Moving Velo to Multiple Container Sites: The Why, The How and The Lessons Learned


Intro


Velo by Wix (formally known as Corvid) is a framework that allows Wix users to write backend and frontend code for their sites. Although this new level of customization is a huge leap forward, in terms of functionality, Wix’s rapid growth surely introduced new challenges.

Velo was initially designed to be very cost effective, to support tens of millions of small customers. As we grew, one of the challenges was the introduction of larger clients that needed more resources. From the Velo perspective it means running the application backend code on more than one container.


In order to do so we had to rebuild our entire infrastructure - this is how “Kore” was born.


Photo by Andrey Sharpilo Hire on Unsplash



About Kore


Kore (Kubernetes Orchestrated Runtime Engine) is a computational grid that is responsible for the orchestration of backend code execution. Kore is replacing an older grid that used Docker containers without any 3rd party high level orchestration mechanisms that caused us to write a proprietary orchestration mechanism that was complex and hard to scale.


The natural direction was to choose Kubernetes as an umbrella for our grid capabilities. But it wasn’t enough, Wix has tight response time constraints which made naive solutions insufficient. Here are the two of them:


  1. Whenever a user triggered the Velo backend, we could spawn a pod to run the needed code.
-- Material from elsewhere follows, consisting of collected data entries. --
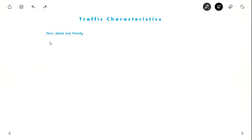Today we will see about the fundamental traffic characteristics, that is flow, speed and density. It is an important topic in transportation engineering.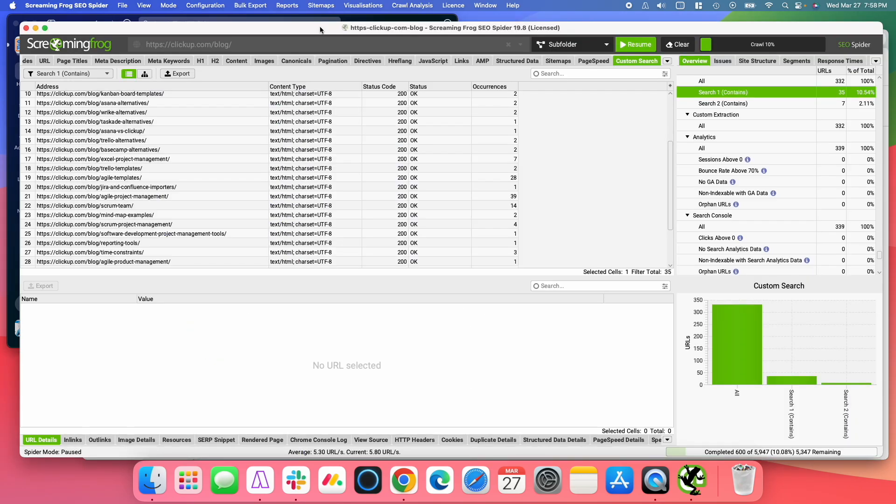Where with Screaming Frog, you're going to get a full crawl of your blog and find all the occurrences there. But the main reason that I do it in Screaming Frog is because I can export these into a spreadsheet and then quickly hand it off to whoever needs to work on it.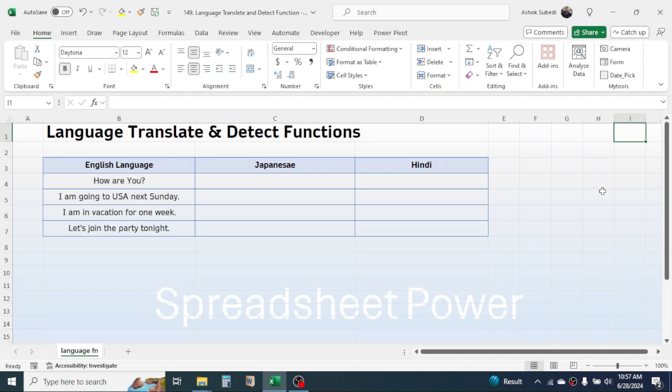Hello everyone, welcome back. In this video you will learn how to use the TRANSLATE and DETECTLANGUAGE functions in Microsoft Excel. Both of these are new Excel functions currently in the pre-release stage, so you may not see them in your Excel yet. Once finalized, they will be released to general users.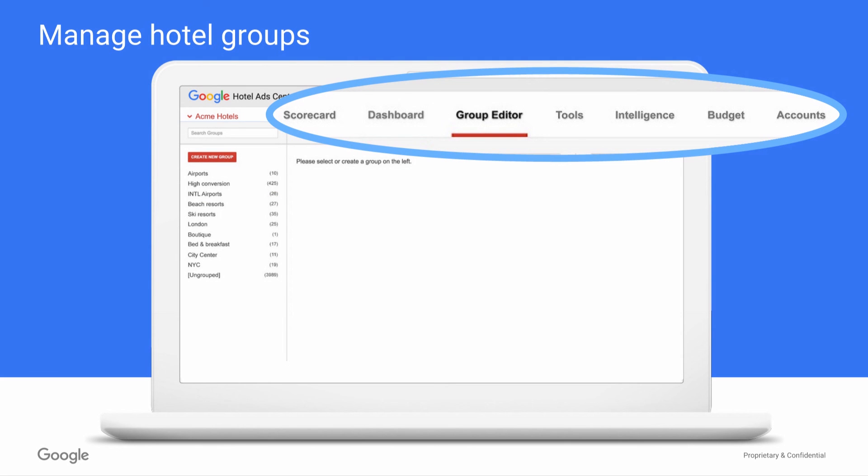The Hotel Ad Center Group Editor tab allows you to easily create and manage your hotel groups.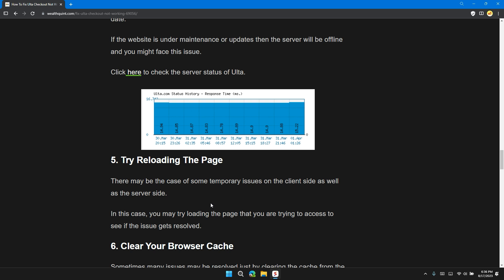There may be the case of some temporary issue on the client side as well as the server side. In this case, you may try reloading the website and try accessing it to see if the issue gets resolved or not.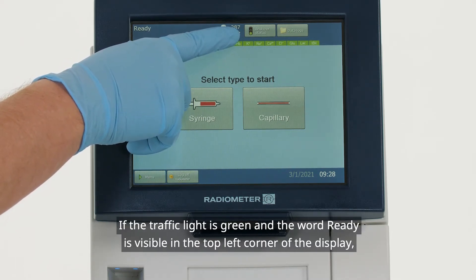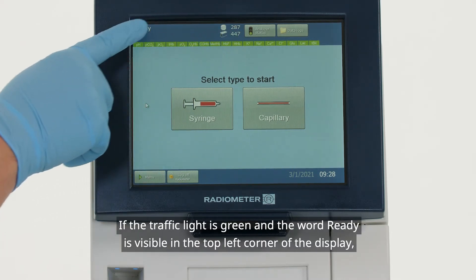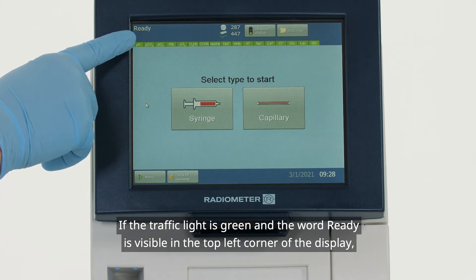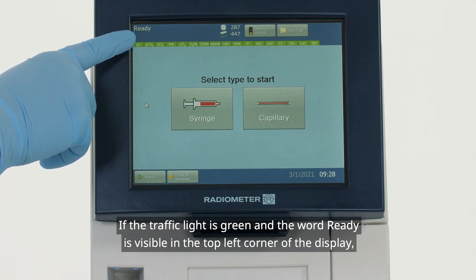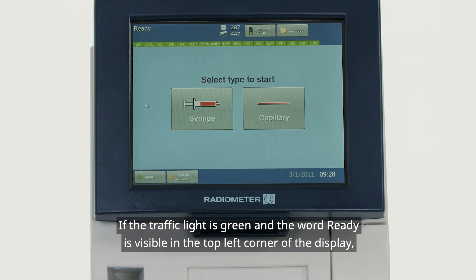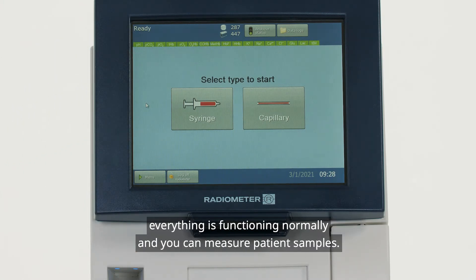If the traffic light is green and the word 'ready' is visible in the top left corner of the display, everything is functioning normally and you can measure patient samples.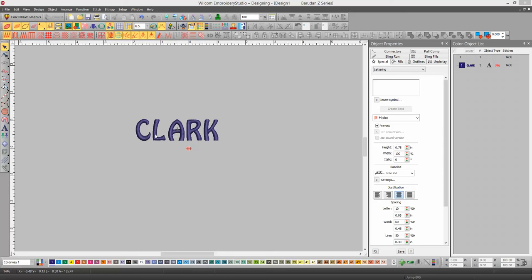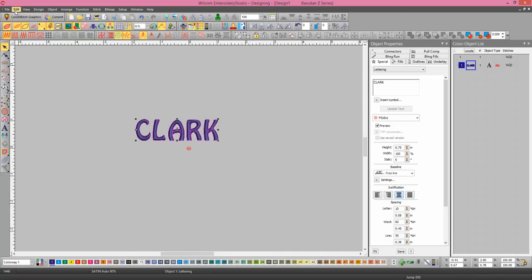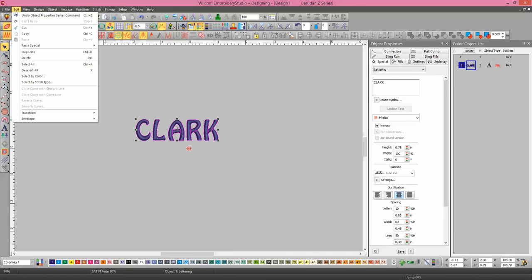To make the word curve at the bottom, you need to use the enveloping. If you select the word and go to the word Edit and down to Envelope, Bridge is the one that curves.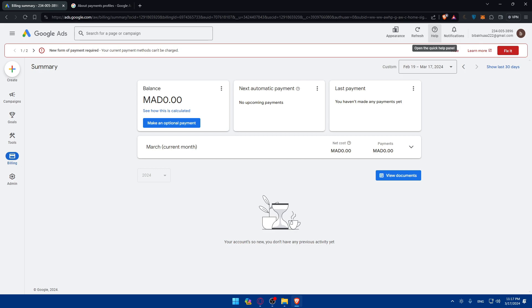And that's going to be it for me today. If you liked this video, make sure to leave a like down below — I successfully showed you how to withdraw your money from Google Ads. Note that you won't be able to withdraw money automatically or manually; you can only do it by canceling your account. If you have any questions or specific topics you'd like me to cover, drop them in the comments below. Thank you for watching and goodbye.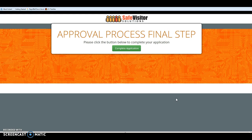Once that background check is completed, if there's no criminal history, it comes back to SafeVisitor and will approve your vendor or volunteer. It will send them an email with their identification card. The first time they visit your facility, they'll scan in with their electronic ID card, or you can print an identification card. The first time it scans, it will ask for a photo taken with a webcam, and then send them another email with a photo copy of their identification card.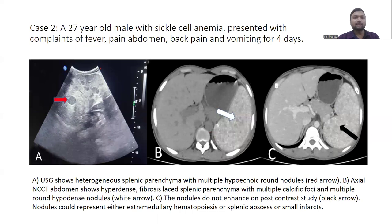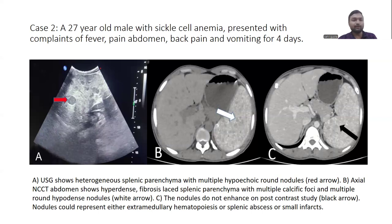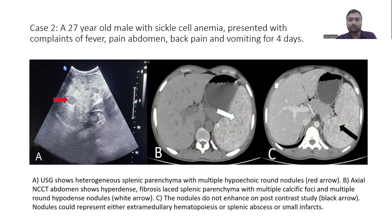Second case: a 27-year-old male with sickle cell anemia presented with fever, pain in abdomen, back pain, and vomiting for 4 days. Ultrasound showed heterogeneous splenic parenchyma with multiple hyperechoic round nodules. Non-contrast CT showed hyperdense fibrosis-laced splenic parenchyma with multiple calcific foci and multiple round hypodense nodules. On post-contrast, these nodules did not enhance, and they could represent extramedullary hematopoiesis, splenic abscess, or small infarcts.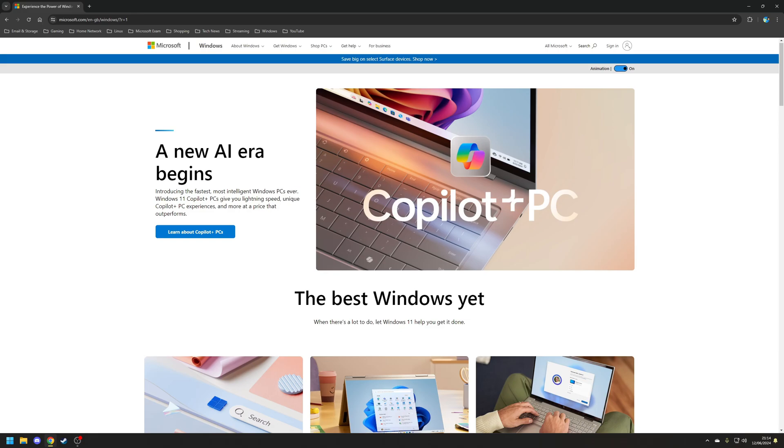Hey guys, Ryan here, and in this video I'm going to be covering how to easily remove bloatware and adverts in Windows 11, as well as disable telemetry, co-pilot and Bing search.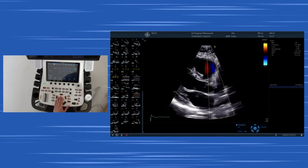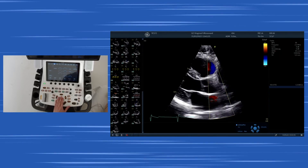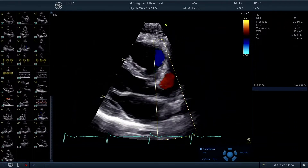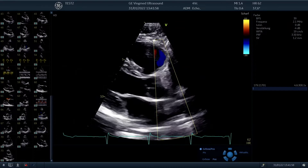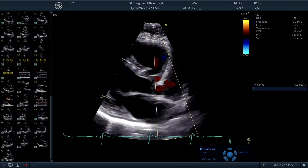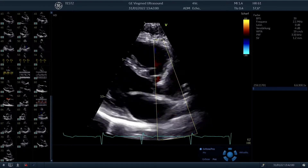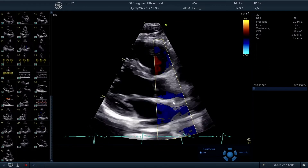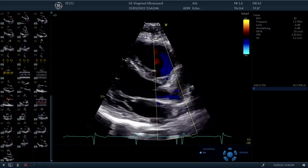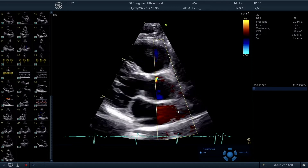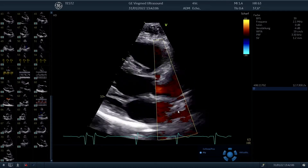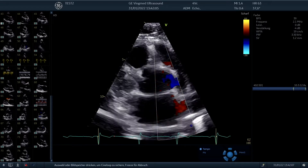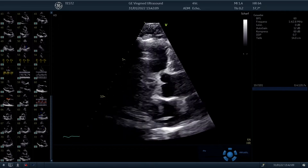What we can see, if we apply color Doppler, are two structures entering the left atrium which are the pulmonic veins. You can see them over here entering the left atrium. So it's even possible in the parasternal long axis to display the pulmonic veins.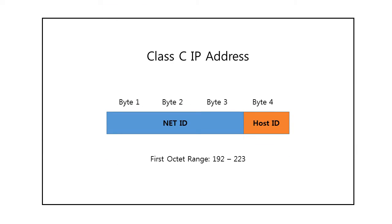Class C IP addresses were designed for small organizations with a small number of attached devices or routers. The first octet of a Class C address ranges from 192 to 223.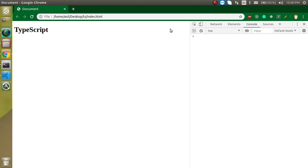Hi everyone, welcome back to my channel. My name is Anil, and in the last TypeScript video tutorial, we learned a first program - how we can make a simple and basic program in TypeScript.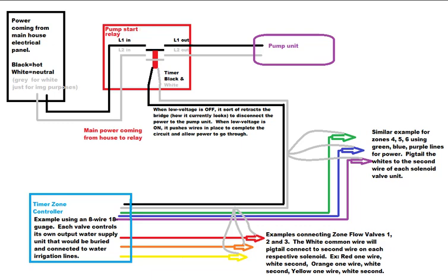When the power is coming from the low voltage and the power is turned on, it pushes the bridge in place, which connects the main power from the source to the ultimate pump. And when the low voltage is powered off, it retracts the bridge, pulling it away, breaking the connection, and disconnecting the power.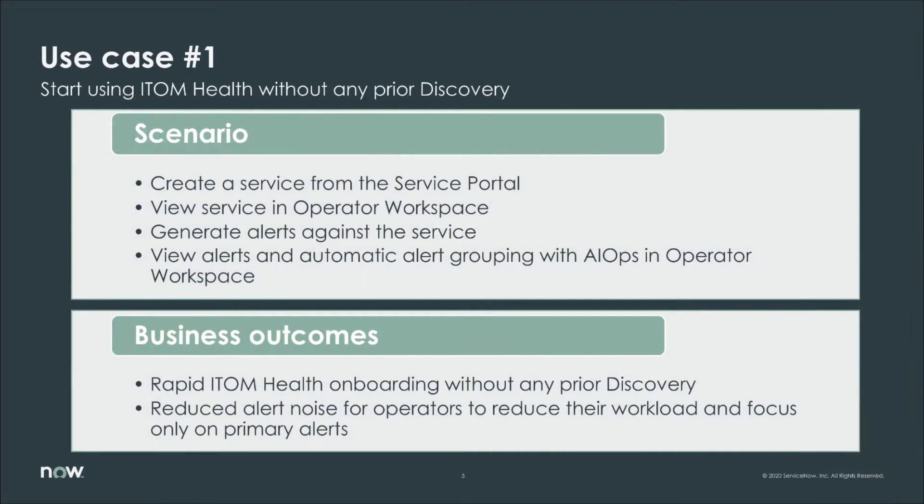So let's jump into the first scenario. We will create a service from the service portal and visualize that service in Operator Workspace. We will then generate alerts against that service, alerts of different severities, and see those alerts in Operator Workspace and how AIOps was able to automatically group those alerts right away.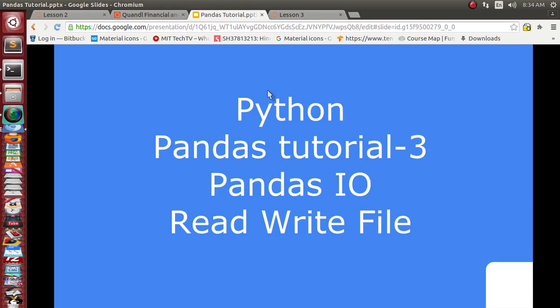Hello friends, this is the third video tutorial inside the Python pandas video series. In our last lecture we created our DataFrame object — either by fetching data from the internet or from external sources. In this lecture we are going to see about Python IO.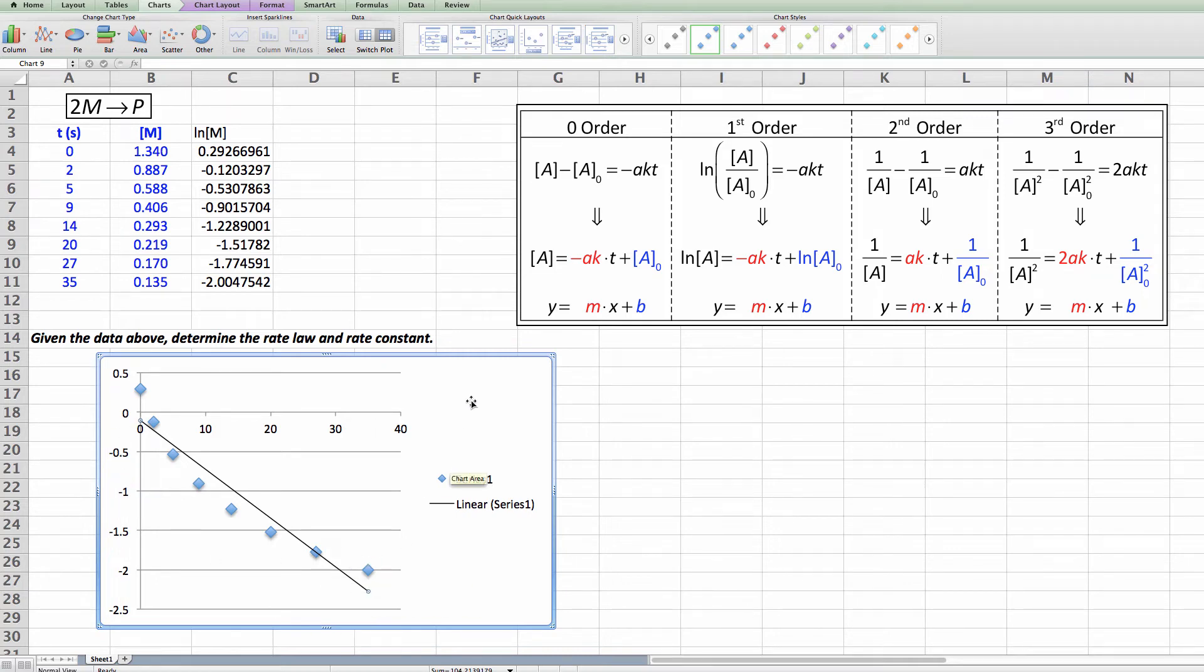So once again zero order can be discounted. This reaction is not zero order. Let's delete this graph.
However, in this solution we would get slow response time for our first request (aka cold start). Just spawning the pod takes, comparatively, a while.

  2. Always keep a pod for each Wix site that uses Velo. Although it could fit some premium clients, because of the long tail nature of Wix (few sites have a lot of traffic and many sites have low traffic) it is wasteful to sustain such a state.


Finally, the solution we went for was to keep a pool of pods that are available for receiving traffic. A pod in a “pooled” state has all the internals to serve traffic but until triggered, it doesn’t do anything except for being warmed up.


When we need to serve a Velo site that has some backend code, we can pick one of the pooled pods and affiliate it to the site. From now on, the pod will serve only this particular site until it’s recycled, which happens after a few minutes. After the pod is recycled, given there is still traffic to the site, a new pooled pod will be picked to serve it and so on.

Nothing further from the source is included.